En 2018, mes précieux camarades Christine et Mérédith avaient dirigé et publié une belle anthologie, intitulée SOS Terre et Mer, qui réunissait des nouvelles d’imaginaire dans le but de verser des fonds à l’ONG SOS Méditerranée. Et ça a bien marché, on a versé à cette ONG de chouettes petites sommes (et ça continue). Et puis, voici que les mêmes repartent dans l’aventure d’une anthologie : Prépare la paix, que des nouvelles qui comme le titre l’indique se déroulent dans des sociétés apaisées ou en passe de l’être — un beau défi narratif. J’ai eu le plaisir qu’ils me commandent et m’acceptent une nouvelle dont je suis plutôt fiérot, « Nulle part et en Crimée », située dans l’univers uchronique du détective Bodichiev mais sans celui-ci ; et partiellement en hommage gentiment accepté par l’auteur au fameux « Nulle part à Livérion » de Serge Lehman. Bref, je suis sacrément excité du lancement de ce financement, qu’il ne faut pas louper, la cause est trop belle ! We need you, les gens.

#4056

Eh oui, pour la fiction je m’amuse à écrire sous pseudonyme : Olav Koulikov. Je l’ai dit depuis un moment déjà. Et j’ai eu le plaisir de voir publié le mois dernier le quatrième volet des enquêtes de Bodichiev, chez le petit éditeur Koikalit (les trois précédents étaient chez les Saisons de l’étrange). Ainsi ai-je donc aligné ces dernières années Mémoires d’un détective à vapeur, Souvenirs d’un détective à vapeur, le court roman Menace sur l’Empire et ce tout nouveau Confidences d’un détective à vapeur.

Dans une uchronie où règne sur une bonne partie du monde l’Empire anglo-russe, monsieur Bodichiev et son fidèle assistant Viat Koulikov mènent depuis la métropole de London des enquêtes plus ou moins « de l’étrange ». Quelque part entre Maigret et Poirot, avec quelques gouttes de SF ou de fantastique. Un univers qui me tient énormément à cœur et auquel je ne cesse de revenir, depuis la première nouvelle qui fut autrefois au sommaire de la fameuse anthologie de Serge Lehman, Escales sur l’horizon. L’on suit au gré des volumes et en filigrane leur carrière ; dans le prochain se trouvera notamment la toute dernière enquête de Bodichiev, en retraite à Biarritz, et le récent propose l’une de ses toutes premières avec le jeune Viat. Confidences réunit cinq nouvelles et six vignettes courtes : « L’affaire des masques », « Les oiseaux du cimetière », « Le tumulte de Noël », « Sous le vent dalmate », « Les fantômes d’Alwych », plus des short shorts sur des perso secondaires, Viat / Beauchamp / Sigerson / Goudounov / Mrs Cherrytail / Boadicée, et une chronologie.

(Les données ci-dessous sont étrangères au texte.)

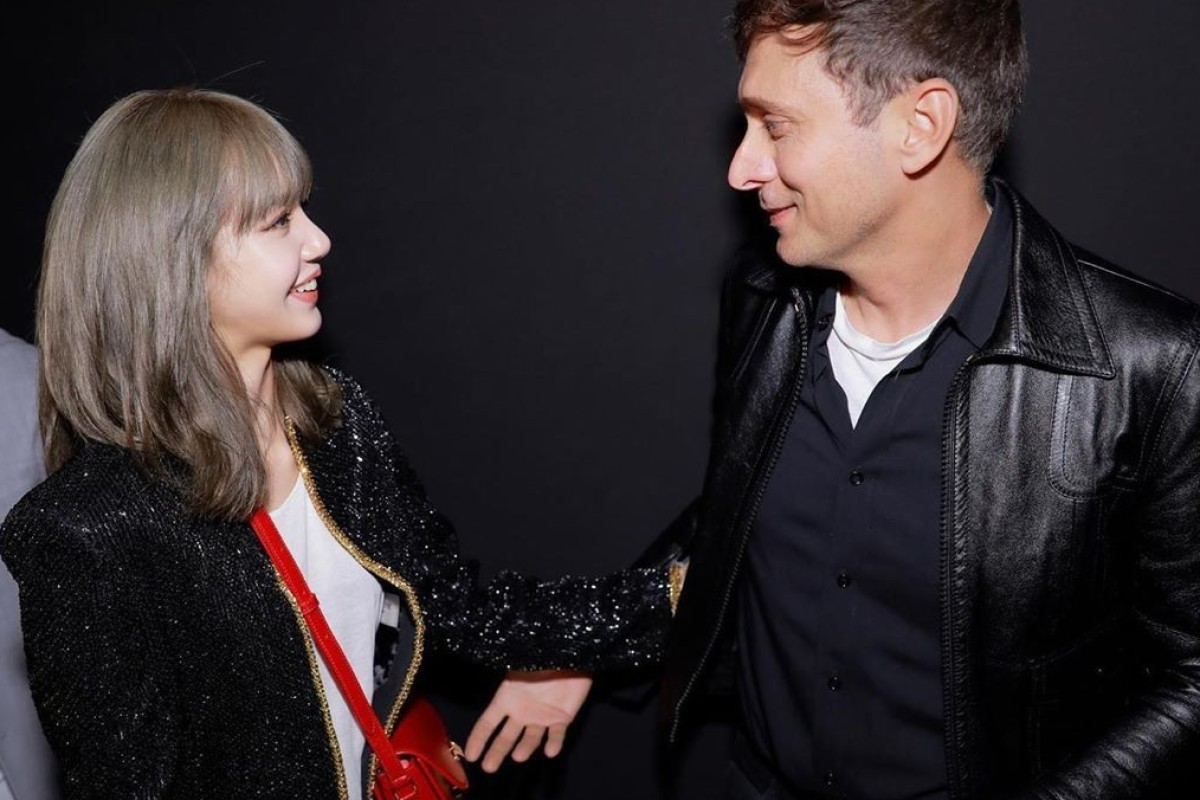 K-pop star Lisa of girl group, BLACKPINK, with designer Hedi Slimane at Celine’s menswear 2020 show at Paris Fashion Week on Sunday. Photo: Instagram@lalalalisa_m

Je viens, hier soir, de boucler le prochain recueil de mon détective privé et l’ai rendu à mon digne éditeur à moi que j’ai. Archives d’un détective à vapeur, cette fois. Six nouvelles et une novella : « La pomme et la paille », « La question de l’alchimiste », « Ministère de l’Intérieur », « Les chats de Battersea », « Péril en l’île », « Les deux morts de mademoiselle Rose » et « Un ptérosaure sur la grève ». Sont en cours de finition une novella, Les Arrière-mondes, un court roman, Les Trois cœurs, et j’ai juste débuté le recueil Voyages d’un détective à vapeur… Une nouvelle inédite sera au sommaire de Fiction l’imaginaire radical n°3, d’ici peu.

#4039

Aux patères dans l’entrée, j’ai deux feutres et un canotier, mais le chapeau ne se porte plus guère. Tout juste en attendant devant la gare vois-je quelques hipsters à bonnet ou à bob et un groupe de beurs en casquette à visière longue ; les femmes sortent toutes « en cheveux », de nos jours, plus de couvre-chef. Je regrette cet appauvrissement de la mode et porte une casquette molle, presque sans visière, une légère l’été et une plus chaude en laine pour l’hiver. En constatant tout cela ce midi, je me suis demandé si dans l’univers de Bodichiev les citoyens portent encore des chapeaux. Bodichiev lui-même a souvent une casquette. Je vais indiquer ça, je crois, en passant.